Monopolists want to maintain their monopoly, there is no greater threat than a direct challenge to that monopoly by allowing data to move freely.

--

More subtle but even more ironic rhetorical points

"for hire" / "paying for access"

Emphasizing that people making money (gasp) for providing this service, is bad.

"industry leader in taking legal action" + "across many platforms and national boundaries, also requires a collective effort from platforms, policymakers and civil society"

Monopolists can pay high priced marketers to rebrand them as patriotic hero figures fighting valiantly for the little guy.

8 comments

While I agree with your assessment of the BS in the article wrt scraping, and also agree with your assessment that the behaviour is completely about FB protecting itself and its monopoly control (the word control being important), I think its important to emphasize its not about FB caring whether other entities having access to the data, its about FB caring about it's public perception with regard to its having that data at all.

Over the last few years or so it feels like, to reference a @dril tweet[1], Facebook has just been 'turning a big dial taht says "data access" on it and constantly looking back at the audience for approval like a contestant on the price is right' with how much it allows 3rd parties to get at its data.

Keep in mind ~5 years ago the big thing at FB was "Open Graph" and "Graph Search" which gave everyone really in-depth access to their data with the idea that Facebook would be the "data platform" on top of which all of these 3rd parties would build apps and interfaces. This of course eventually resulted in the whole Cambridge Analytica thing and now this gigantic swing in the other direction of being overly protective of the data as a kneejerk PR reaction to all the bad press.

FB loved sharing data and provided a direct API for accessing it when the public narrative was about data freedom and 3rd party developer friendliness and it hates giving any access at all and goes around sues web scrapers now that the public narrative is all about privacy.
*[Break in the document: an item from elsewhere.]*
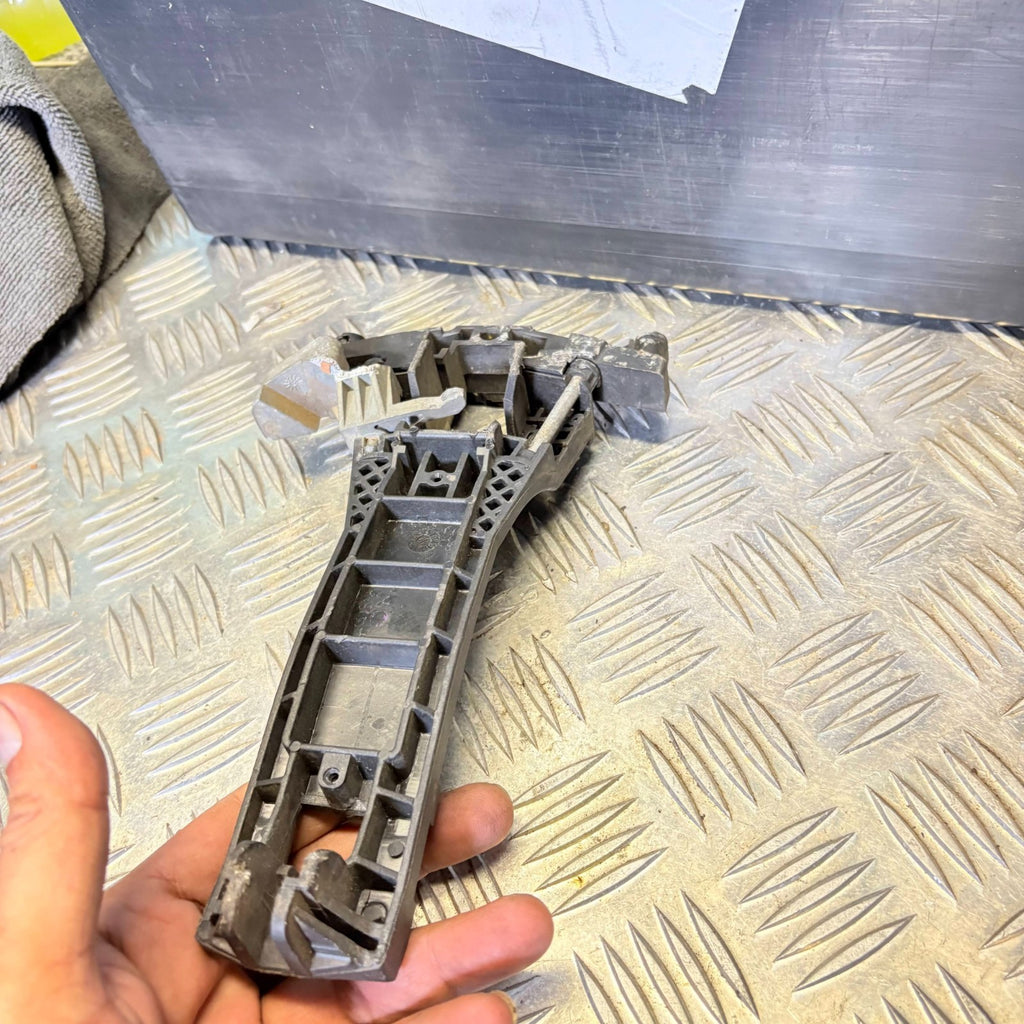Mercedes A Class NSF Door Handle Support Bracket Assembly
Facebook will happily align itself in whatever way results in the least public outcry arguing they shouldn't be allowed to have the data in the first place regardless of if that means giving access or restricting it.

1: https://twitter.com/dril/status/841892608788041732

The example you stated is a truly fantastic one. Graph Search was pretty much like a direct API into their front facing network.
Great post that summarizes exactly what I feel about globocorps. The euphemisms and propaganda are disgusting.
The users agreed to share their data with Facebook, not some other company. If they didn't prevent this, they'd be asking for another Cambridge Analytica
The users agreed to share their data with everyone that uses Instagram. Because that's how the site works.
There’s an important difference between technically consenting and informed consent.

Given what I know about the bot problem on Instagram, I would imagine many people have been tricked into sharing their private profiles with scraping bots. Many bots are copying real people’s profiles and then spamming their friends with follow requests. It’s highly effective and gives these bots access to private profiles.

Fooling people is fraudulent, period.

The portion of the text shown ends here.